Allah menjadikan Masjidil Aqsha akhir dari perjalanan Nabi, sehingga mereka berkata: jikalau isra’nya Nabi dengan jasad itu melebihi masjidil Aqsha, niscaya Allah akan menuturkannya. Karena hal tersebut lebih mengena di dalam memuji Nabi SAW. Dan sebagian besar ulama salaf dan para orang muslim mengatakan bahwasannya isra’nya Nabi itu dengan jasad dan secara sadar. Isra’nya Nabi secara sadar itu tidaklah mustahil, sehingga tidaklah boleh memalingkannya dari makna zahir & hakikat, yakni lafaz بعبده dimaknai روحًا و جسدًا ( hamba dimaknai dengan jasad beserta ruhnya) kepada makna takwil, kecuali ketika hal tersebut mustahil. Jikalau isra’ mi’rajnya Nabi itu terjadi secara mimpi, niscaya Allah akan berkata dengan lafadz بروح عبده (dengan ruh hamba-Nya) tidak dengan lafadz بعبده (dengan hamba-Nya). Hal ini juga dikuatkan dengan firman Allah SWT :
مَا زَاغَ ٱلْبَصَرُ وَمَا طَغَىٰ
An-Najm (53:17) : “Penglihatannya (Muhammad) tidak berpaling dari yang dilihatnya itu dan tidak (pula) melampauinya.”
Dan juga jikalau isra’ mi’rajnya Nabi itu terjadi secara mimpi, niscaya isra’ mi’raj tersebut tidak menjadi sebuah tanda akan kebesaran Allah dan tidak pula menjadi sebuah mu’jizat.
Berdasarkan penjelasan di dalam tafsir Qurtubi di atas, kita dapat mengetahui bahwasannya para ulama sendiri berbeda pendapat mengenai isra’ mi’raj Nabi apakah dengan ruh atau jasadnya saja. Bagi golongan yang mengatakan bahwasannya peristiwa tersebut terjadi dengan ruhnya Nabi saja (terjadi secara mimpi), maka hal ini jelas menjadi rasional. Dan tidak akan ada yang mengingkarinya, karena hal ini jelas bisa saja terjadi.

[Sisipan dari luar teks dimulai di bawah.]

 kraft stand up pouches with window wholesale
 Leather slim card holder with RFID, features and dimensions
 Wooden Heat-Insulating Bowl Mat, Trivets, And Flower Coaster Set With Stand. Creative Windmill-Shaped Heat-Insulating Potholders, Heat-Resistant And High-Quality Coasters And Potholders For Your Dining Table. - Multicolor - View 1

Akan tetapi, bagi golongan yang mengatakan bahwasannya isra’ mi’raj Nabi tersebut ruhan wa jasadan ( dengan ruh dan jasadnya), maka hal ini jelas menjadi permasalahan, karena bagaimanakah caranya seseorang melakukan perjalanan dari satu tempat ke tempat yang lain kemudian naik ke langit ke sidratul muntaha dalam waktu yang sangat singkat, yang bahkan Sayyidah ‘Aisyah sendiri mengatakan bahwasannya Nabi tidak melihat Allah? Sayyidah’ Aisyah berkata :
مَنْ زعم أنّ محمّدا رأى ربّه فقد أعظم الفرية على الله
“Barangsiapa yang meyakini bahwasannya Nabi Muhammad pernah melihat tuhannya, maka sungguh ia telah membuat kedustaan yang besar atas nama Allah.” (HR Bukhari no. 4855).
Oleh Karena itu, jelaslah hal ini tidak rasional. Lalu apakah ini berarti bahwa hal ini irasional? Mungkin kebanyakan orang akan beranggapan begitu, namun sebenarnya hal tidak rasional belum tentu merupakan sesuatu yg irasional. Karena di antara rasional dan irasional ada satu lagi cara berpikir yang mungkin sering terlupakan oleh kebanyakan orang atau bahkan tidak diketahui, yakni cara berpikir suprarasional. Suprarasional merupakan cara berpikir yang menunjukkan sesuatu diluar nalar, yakni sesuatu yang tidak bisa di nalar oleh pikiran kita. Hal ini disebabkan keterbatasan yang ada pada diri kita sendiri, seperti halnya pandangan mata kita, sebaik apapun mata kita, kita tidak akan bisa melihat sesuatu yg ada di balik dinding, sesuatu yang amat jauh. Hal ini disebabkan karena terbatasnya kemampuan mata kita, karena kemampuan manusia itu terbatas.
Sebagai penutup, isra’ mi’raj memang bukanlah hal yang rasional, akan tetapi ia juga bukanlah hal yang irasional, melainkan ia adalah hal yang suprarasional. Peristiwa ini merupakan kehendak Allah yang tidak bisa dinalar oleh pikiran manusia, karena terbatasnya kemampuan akal manusia terkhusus untuk memahami hal hal yang ghaib. Dan cukuplah menjadi bukti akan adanya hal hal yang suprarasional ialah kejadian alam semesta, terciptanya manusia, hewan, tumbuhan dan lain – lain.
“Sesuatu yang tidak terbatas tidak akan bisa dibatasi oleh sesuatu yang terbatas”
KH. M.A. Sahal Mahfudh
Oleh Hafizh Al-Mundziry, Santri Ma’had Aly Pesantren Maslakul Huda semester V.